My trip back to Cuenca was the same route but reversed. I took a bus to Guayaquil then another to Cuenca. It was a hectic, exhausting trip, that took a toll on me, and by the time I reached Cuenca, all I wanted is a nice hot meal and a warm place to sleep. I went to the same hostel where I left my luggage. This time they gave me a hole in the wall kinda of a room. It was all walls, no windows, and my neighbors were very noisy. I put my stuff, stayed in the room for a bit to regroup, and I had an impression that I got sick from this long ride on the bus. So I felt like having soup with a lot of lemon juice. I dragged my legs out of bed and went down in search for a decent place to eat. I found a small, and nice Italian food eatery beside my hotel. I went in ordered lentil soup and Lasagna. Both were very good, but I was very exhausted to finish either. I walked back to the hostel desperate for some rest. Unfortunately, my noisy neighbors made this mission almost impossible, as they kept talking, screaming, laughing hysterically, and playing till really late at night. I was too tired to go out of my room and scream my lungs out at them. So I slept anyway. I wake up at 5.30 on their noises again waking each other up, dragging their bags, calling each other in the hall. I was still in a haze between sleep and wakefulness. I decided to go to the washroom, and on my way maybe give them a piece of my mind. I couldn’t find any of them in the hall, so I went to the reception to complain, then back to my room.

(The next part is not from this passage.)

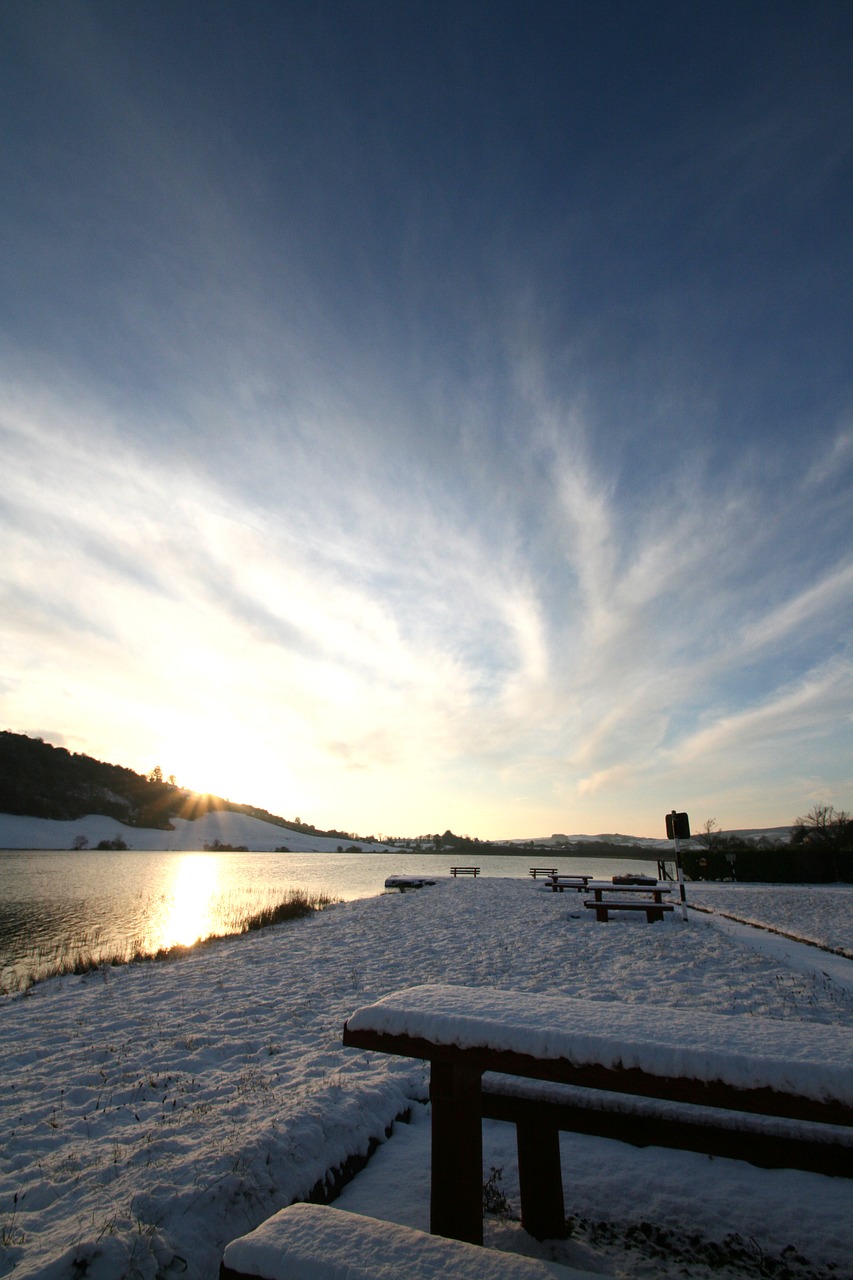 water sunset sky free photo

I slept again, and when I woke up, I felt better, but I was famished, and I wanted to have nice breakfast. My plane to Vancouver was leaving at 8 pm that night. So I have another whole day in Cuenca. I went rummaging around for some nice omelet, croissant, and cappuccino. I found my target, sat by a window nibbling on my breakfast, and practicing the art of watching people go by. My last activity was set on talking a two-hour walking tour in Cuenca with an English speaking guide, the weather was great, and the guide took us- a group of travelers- in the colorful, historic streets of Cuenca. It was the perfect way to get more acquainted with Cuenca, I know that we still don’t each other well enough, but at least I broke the ice.